Published on January 15, 2020 by Wilson Chapman | Share this post!
Thanks to Northwestern University for your support and celebration of our second GRAMMY® Award nomination!
When Third Coast Percussion receives a Grammy nomination, the first person Peter Martin (Bienen Masters ‘04, Doctorate ‘11) always hears from is his little sister.
“She’s kind of like my number one fan,” he said laughing. “She’s always excited for the Grammys, and she’s always the first person to notify me. She sits on her computer just waiting for the nominations. So that’s always great to hear from her.”
Third Coast Percussion is a musical ensemble based in Chicago. Composed of four Northwestern alumni, the group focuses on classical percussion music, especially music commissioned for the group or written by the members.
Third Coast won a Grammy in 2017 for its recording of the work of American composer Steve Reich. This year, they were nominated again for their album “Perpetulum,” featuring the work of Philip Glass and Gavin Bryars, as well as original work composed by the members of the ensemble.

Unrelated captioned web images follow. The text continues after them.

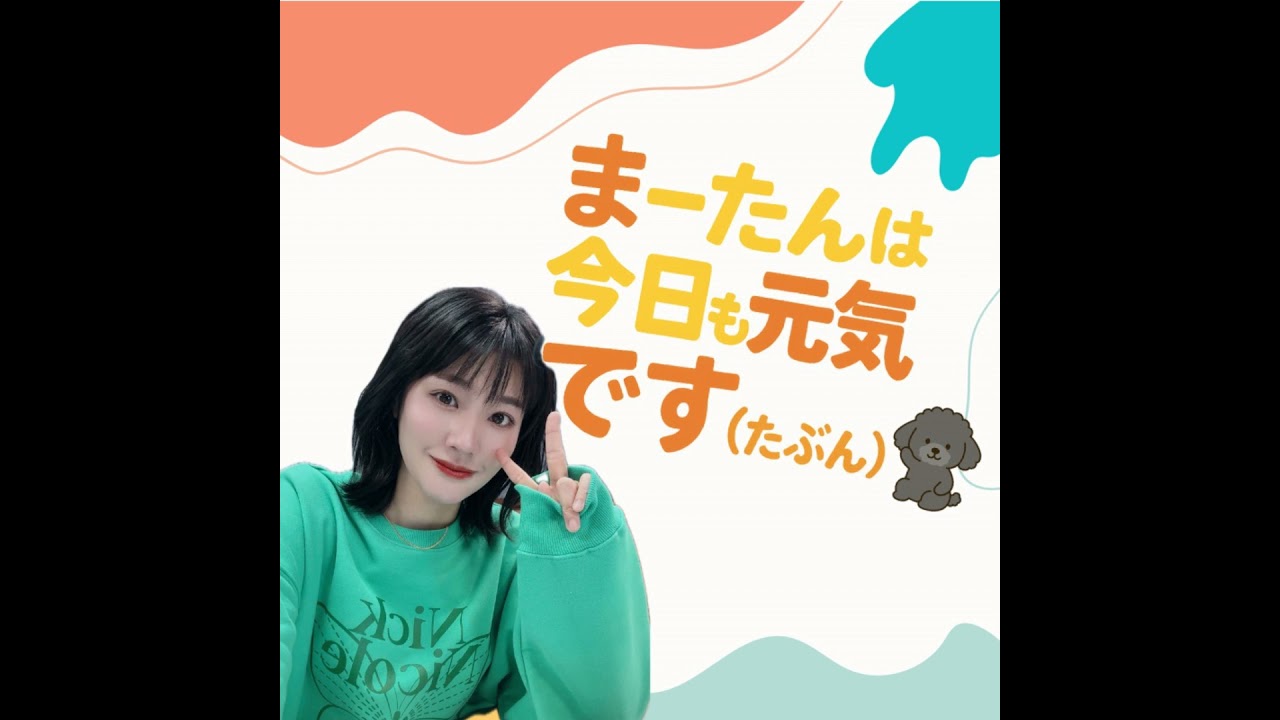 生きててよかった。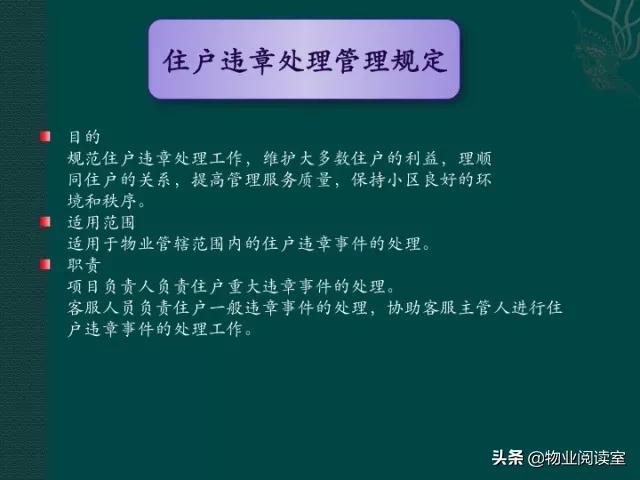 物业客服部PPT培训一般什么内容,物业客服年终总结ppt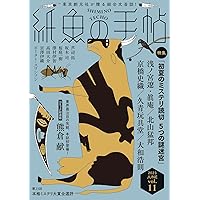 Amazon.co.jp: 紙魚の手帖Vol.15 : 貫井 徳郎, 伊吹 亜門, 今村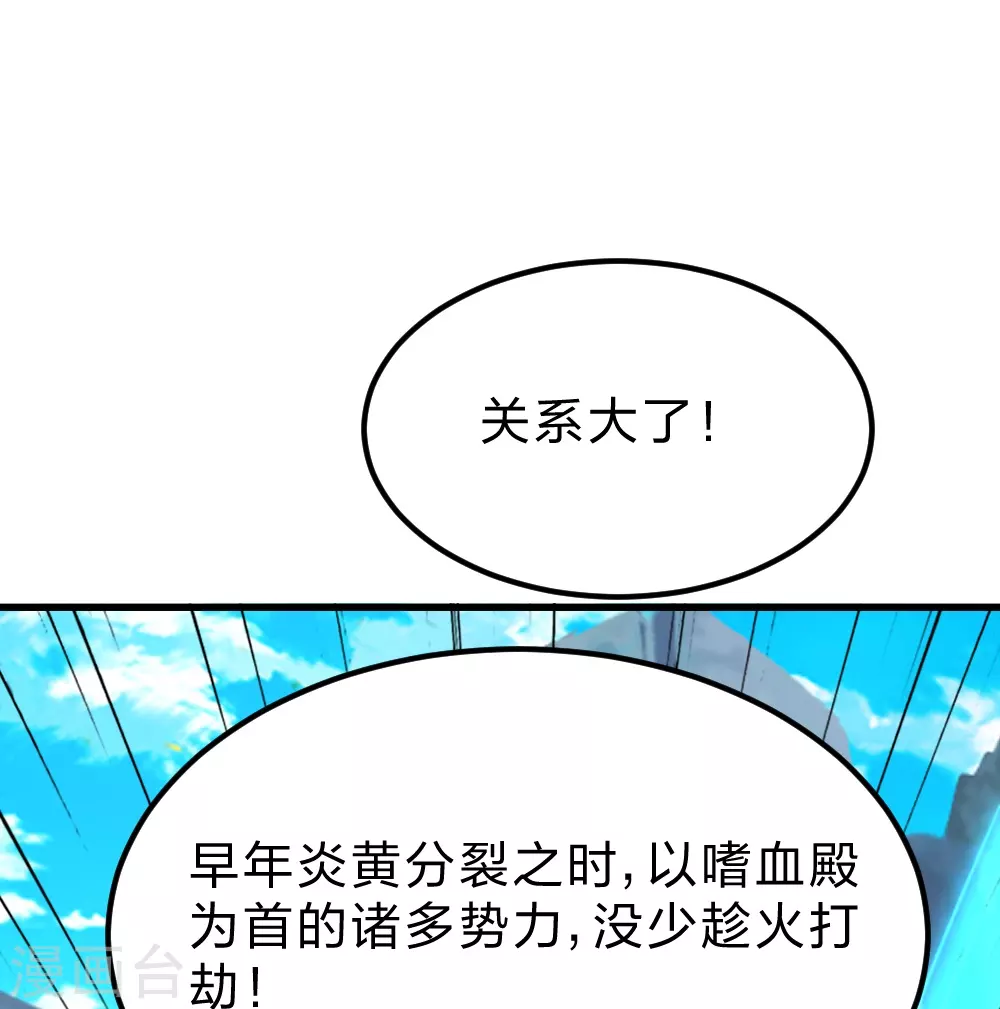 仙武帝尊漫画,第385话 打砸抢与新战略！5图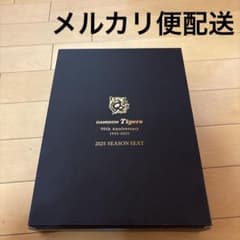 阪神タイガース2025シーズンシート 90周年記念 - メルカリ
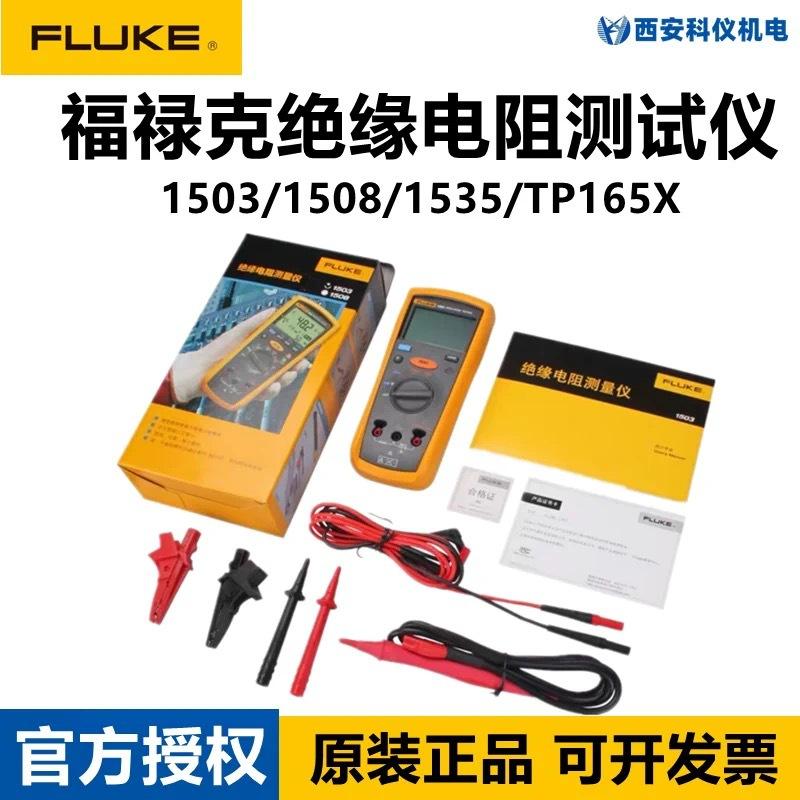 fluke fluke 1503 1508 1535 insulation resistance tester digital memory meter shaking watch f1508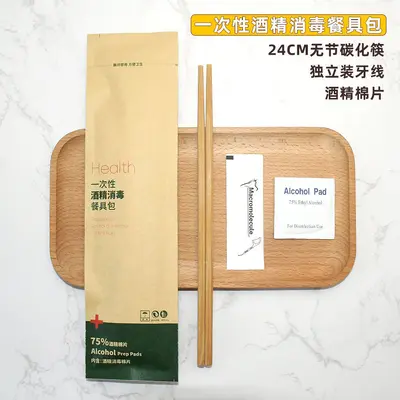 Tek kullanımlık çubuk beslenme paketi kraft kağıt, 3 parçalı set islak mendil ile - 9
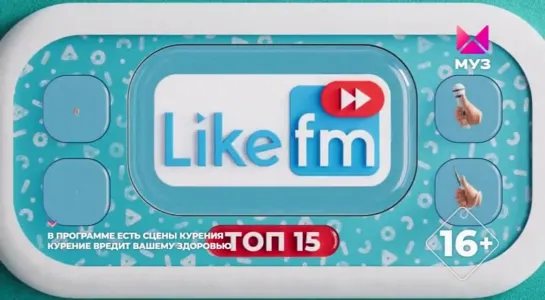 Топ-15 Like FM (Муз-ТВ, 19.07.2022)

“It feels great to be nominated,” Third Coast member David Skidmore (Bienen ‘05). “For years, people maybe didn’t consider percussion ensemble music as serious as music for a string quartet or an orchestra. But we feel with this past win and this nomination, the music we play is coming into its own and is treated as just as important as all these classical music types.”
Most of the members of Third Coast met at Northwestern, graduating between 2002 and 2006, and were all mentored by the then head of the percussion program Michael Burritt, Martin said. In 2006, the group started collaborating and playing in small local venues. They slowly grew in renown until 2013, when the members were able to quit their jobs to work full-time in the ensemble.
According to Martin, while percussion ensembles are common in music conservatories like Bienen, professional examples are very rare. As such, when the group started, they had very few groups to model themselves after. The group was passionate about the repertoire of classical percussion, however, and wanted to focus on the artform. Initially, they took inspiration from professional string quartets, while also working to establish themselves as a unique group.
“Those first few years were fun,” Martin said. “We learned a lot in those early days about how we wanted to identify ourselves as musicians and as an ensemble.”
Sean Connors (Bienen Masters ‘06) said the group sometimes thinks of themselves as “musical omnivores,” in that they incorporate many different styles and traditions into their music, as almost every cultural music tradition incorporates percussion instruments. The group also experiments with multiple different instruments, from standard percussion instruments like drums and cymbals and keyboards to instruments from specific cultures like the Zimbabwean mbira to found objects like pots and salad bowls.
Connors said that as a group, Third Coast is primarily interested in performing original work, as opposed to putting out recordings of their interpretations of classics like many traditional string quartets do. Although their previous Grammy-nominated album was a recording of the already published work of Steve Reich, their album nominated this year, “Perpetulum,” consists of material that was entirely commissioned or written by the ensemble. The title piece was written for them by Phillip Glass, and Skidmore wrote a multi-movement work called “Aliens with Extraordinary Abilities,” that makes up the entirety of the first disc of the album. Martin and member Robert Dillon (Bienen ‘02) also contributed pieces to the “Perpetulum,” and the album concludes with the 21-minute piece “The Other Side of the River” by Gavin Byers.
“At the time we recorded this album, we were the only group in the world playing this music,” Connors said. “So that was about getting that music out into the world.”
Dillon said that one of the reasons why the group is passionate about the music they produce is because of their strong working relationship; although he has heard horror stories about chamber groups who can’t stand each other, the group gets along with one another and are constantly pushing each other to be better artists. Dillon said that, although the Grammy nominations are an honor, all the members of the group are in it because of their dedication to the music rather than a need for recognition.
“Nobody becomes a classical percussion ensemble because they want to be as famous as they can be, nobody is in it for the money or is in it for the fame,” Dillon said. “At the end of the day, none of us are in it for the awards. But the award feels really great. And it feels like an incredible recognition for what the community of percussionists are doing to become a part of the larger musical culture.”